Sotonye Iyoyo, who is the Acting Executive Secretary of PPPRA, disclosed this in a statement. He said the agency would retain the retail prices of N86 for the NNPC, and N86.50 for the other marketing companies.

The agency added that the pump price of Household Kerosene, HHK, would also remain unchanged from what it was in the last quarter. “Therefore, marketers are advised to ensure that there is no price distortion in their respective retail outlets,” the PPPRA stated.

The agency said it would continue to monitor the global oil market performances and make reasonable changes consistent with the newly-adopted price modulation principles.

The second quarter petrol import allocations has been awarded by The Petroleum Products Pricing Regulatory Agency last week, with the Nigerian National Petroleum Corporation given 41.7 per cent and private marketers 58.3 per cent of the national consumption.

In Lagos, Nigeria’s commercial nerve center, many filling stations are yet to open for business on Sunday, while those who sold the product had long queues of frantic motorists to deal with.

Yesterday, The Nigerian National Petroleum Corporation, NNPC, disclosed that a number of international oil companies, IOCs, in the upstream oil and gas sector have agreed to provide foreign exchange for oil marketing companies for the importation of premium motor spirit, also known as petrol.

While speaking during a tour of petrol stations in Abuja, the Chief Operations Officer in charge of the downstream sector at the NNPC, Mr. Henry Ikem-Obih, also reiterated that before the end of April, all the refineries would resume production and begin to contribute positively to improving the fuel scarcity currently facing the country,

He said: “As you know, forex was one of the prime reasons we did not do well in the first quarter. Most marketers, who had allocation, could not import because they do not have forex.

“The minister has worked very closely through his initiative with the upstream oil companies. So, we have a number of them on board to support local entities, that is, downstream companies.

“They will help provide foreign exchange for them to import and meet their Petroleum Products Pricing Regulatory Agency, PPPRA, allocations.

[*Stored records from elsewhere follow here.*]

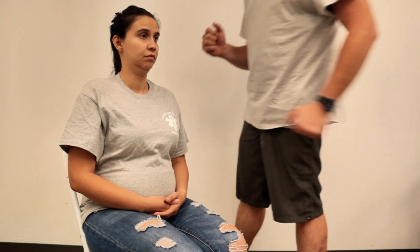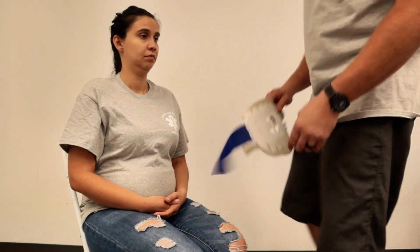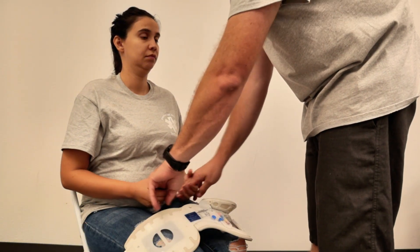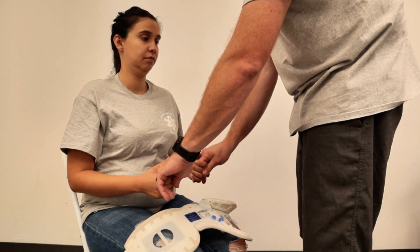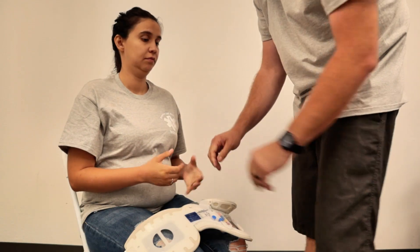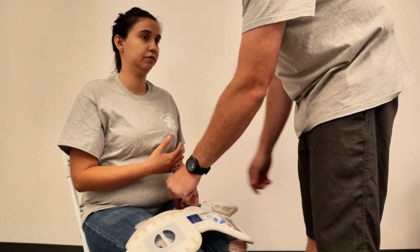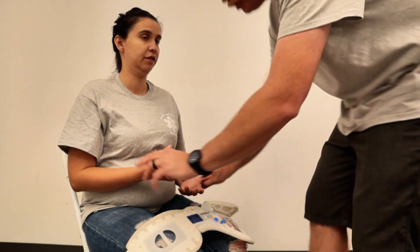I don't feel any crepitus or step-offs in this instance, so we can go ahead and grab a collar — have our collar ready. We're going to assess our CMS. I'm going to have her squeeze my finger as hard as she can. Which finger am I holding? Ring finger. Which finger am I holding? Middle finger.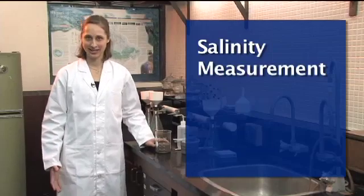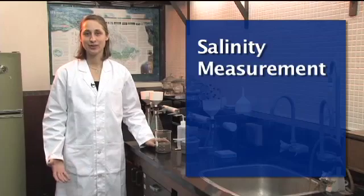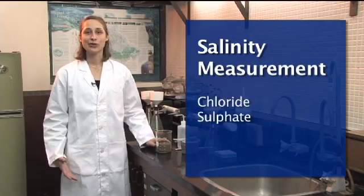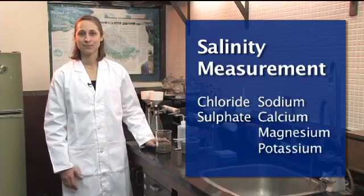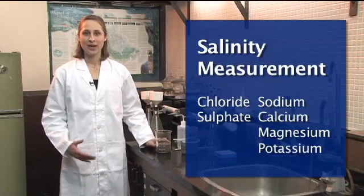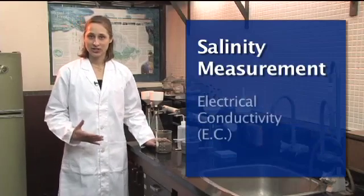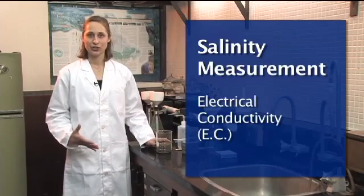We're going to look at how to do a salinity measurement. Salinity, simply put, is just the amount of salt in the soil — mostly chlorides and sulfates of sodium, calcium, magnesium, and potassium. Pure water does not conduct electricity very well, but as you dissolve more salt in it, it does conduct electricity. So what we actually measure is the electrical conductivity, sometimes called the EC for short.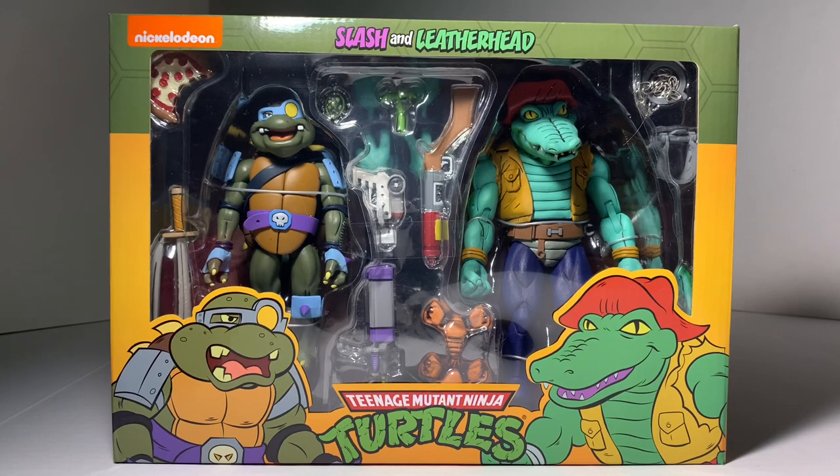What's up turtle fans, I am the White Foot Soldier and this is an unboxing and review of the new TMNT Classic Collection Slash and Leatherhead by NECA.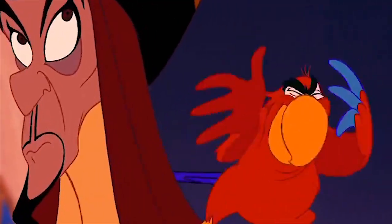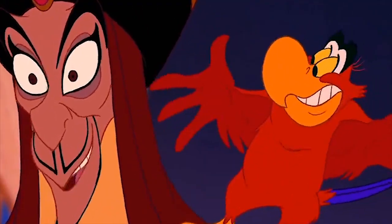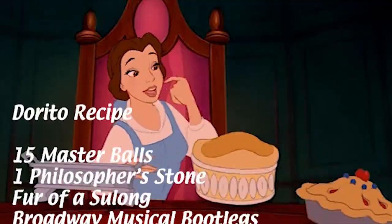Everyone loves Doritos, right? Well today I'm going to show you how to make your own. Okay, to save time, I've already gathered the ingredients.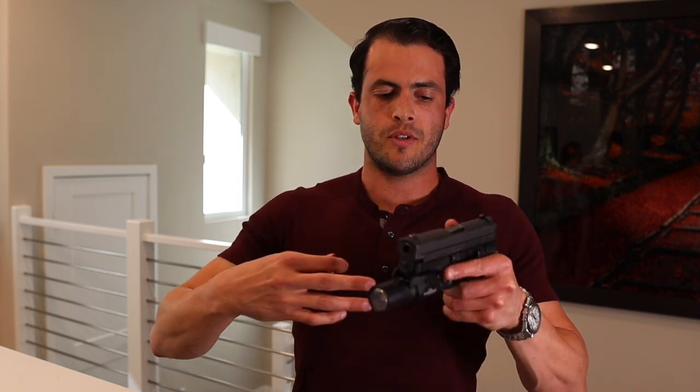If it falls, then you have to try it again and again and again. The purpose is pulling that trigger straight to the rear and not having that casing fall off. If it does fall off, you did not pull the trigger straight to the rear.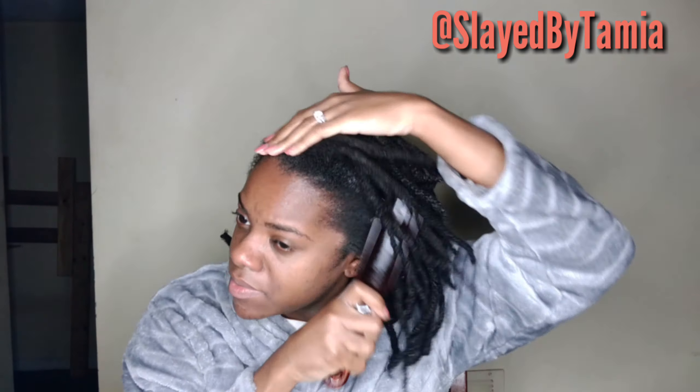Alright y'all, I'm back with another easy style to do on your loose hair or on your locs. Good morning, good afternoon — I don't know when you guys are watching. The first thing I'm gonna do is spray it with water, which is something I always do because it just loosens the hair up and my new growth cooperates better when it's wet.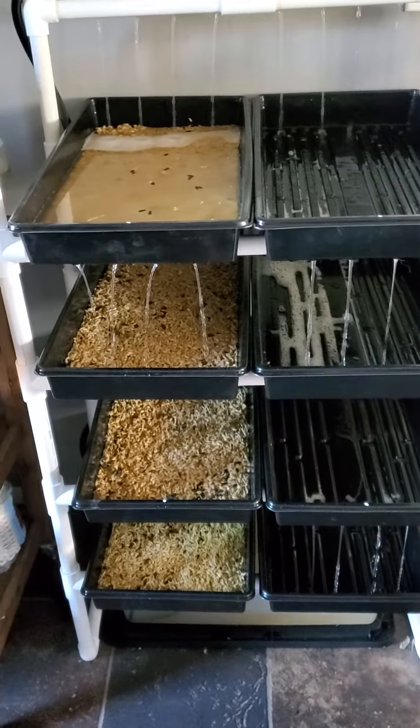It will go off for five minutes and the pump is down here. I clean this every couple of days — just dump the water out, put fresh water in. I use the bottom water here to water my houseplants or to dump into the compost bin.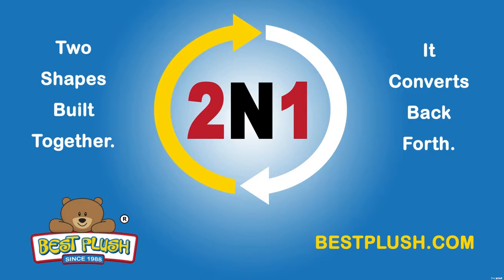Looking for a completely different shape? At Best Plush, we can build any two shapes into one convertible item, giving you twice the impact on your customers for one factory direct price. Simply contact us to see how we can help you meet your needs.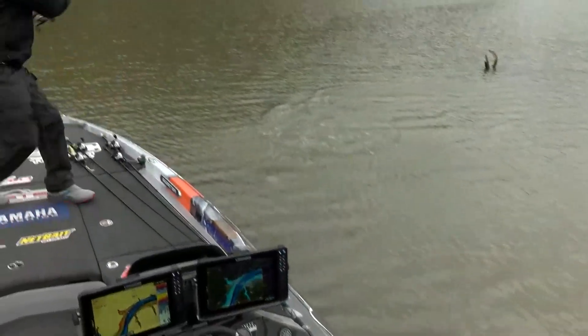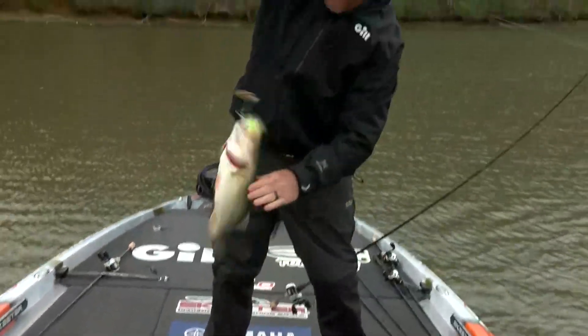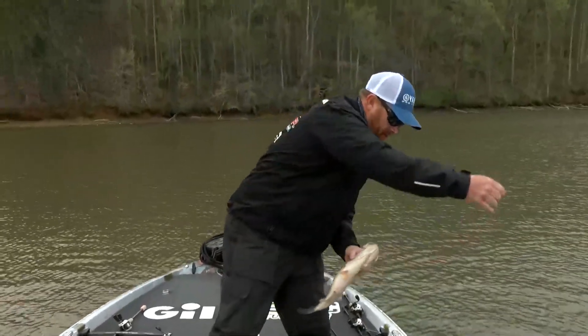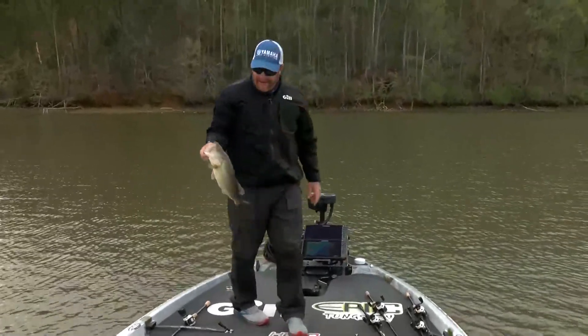That's a good one there. That's why we're fishing this stuff shallow. I mean you ain't getting many bites, but that's the kind we got to have.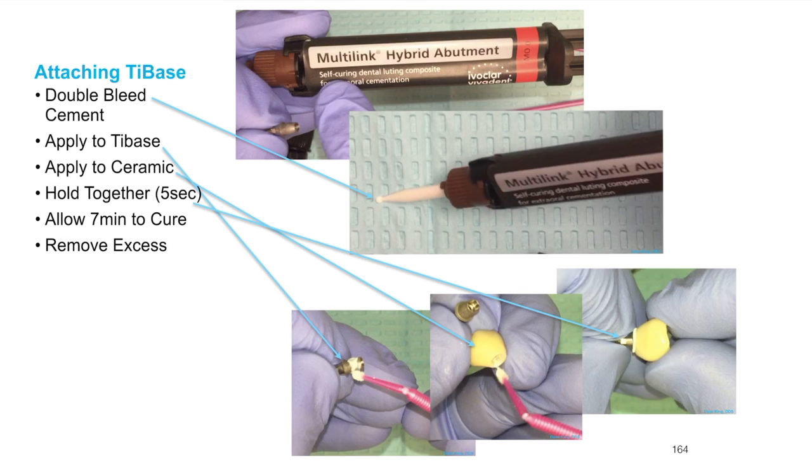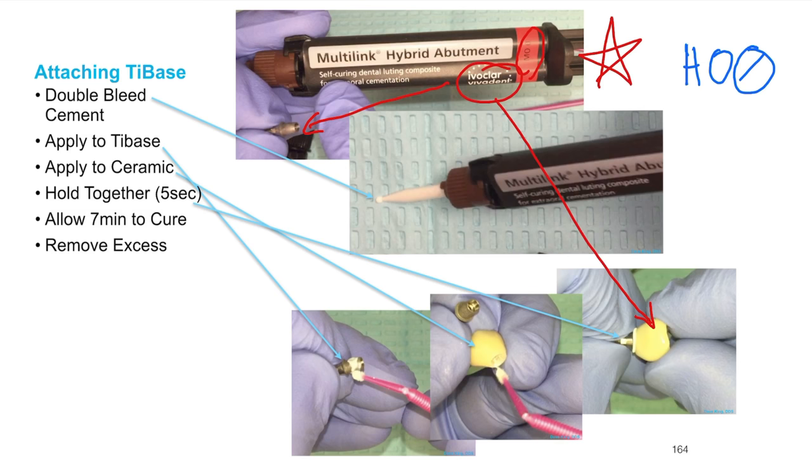Allow seven minutes for it to cure, then remove the excess. The cement we're talking about is a very specific unique cement called multi-link hybrid abutment cement — an Ivoclar product designed to work specifically for tie bases and implant restorations. It is only self-curing and comes in several different opacities. The one listed here is MO 0, medium opacity 0 — the most opaque. But the one I'd recommend you buy is HO 0, high opacity 0 — the most bright white color you've ever seen.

Through the CBN, NNPC would support importation of fuel in the second quarter. “These oil companies also would work with us, including the CBN. These combined efforts, we hope, would enable us meet a 100 per cent of import requirement for the second quarter.”

On the refineries, Ikem-Obih stated that all the refineries were at various stages of start-up, in terms of moving them closer to their optimal yield, while he expressed optimism that within the month of April, part of the fuel purchased by Nigerians from petrol stations would be produced locally from the refineries.

He said: “Most of the work that is being done at the refineries is on site, just getting them to start up and start cracking, so that they too should start contributing to the amount of fuel we have to distribute across Nigeria.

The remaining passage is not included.